Given material
• • • • • • •

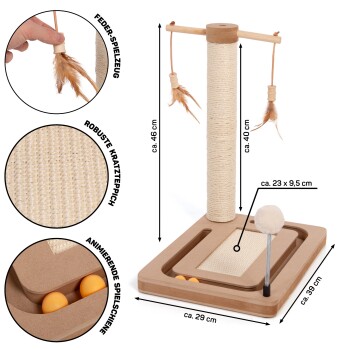 Katzekratzbaum mit Feder-Spielzeug, Abmessungen beschriftet: Höhe 46 cm, Basis 29 cm, mit einem verspielten Ball und einer strukturierten Kratzfläche.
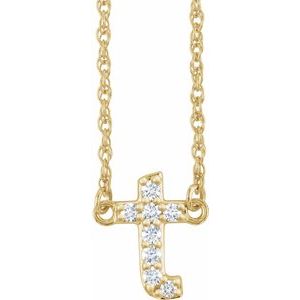 Ladies Natural Diamond Lowercase Initial T Necklace (I1, H+) — 14K Yellow Gold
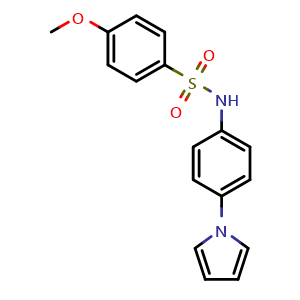 Chemical structure of N-(4-(1H-pyrrol-1-yl)phenyl)-4-methoxybenzenesulfonamide , CAS 383147-41-9, AChemBlock Y222791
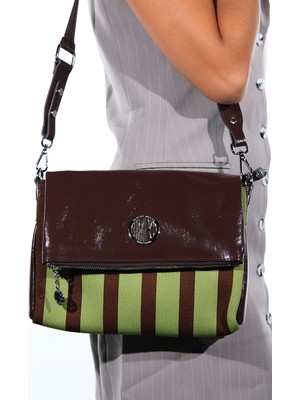Kalren Kahverengi Çizgili Kadın Kapaklı Çapraz Çanta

• • • • • • •

Word for word, quote the full listing, omitting every picture.

 Katzekratzbaum mit Feder-Spielzeug, Abmessungen beschriftet: Höhe 46 cm, Basis 29 cm, mit einem verspielten Ball und einer strukturierten Kratzfläche.
 Ladies Natural Diamond Lowercase Initial T Necklace (I1, H+) — 14K Yellow Gold
 Chemical structure of N-(4-(1H-pyrrol-1-yl)phenyl)-4-methoxybenzenesulfonamide , CAS 383147-41-9, AChemBlock Y222791
Kalren Kahverengi Çizgili Kadın Kapaklı Çapraz Çanta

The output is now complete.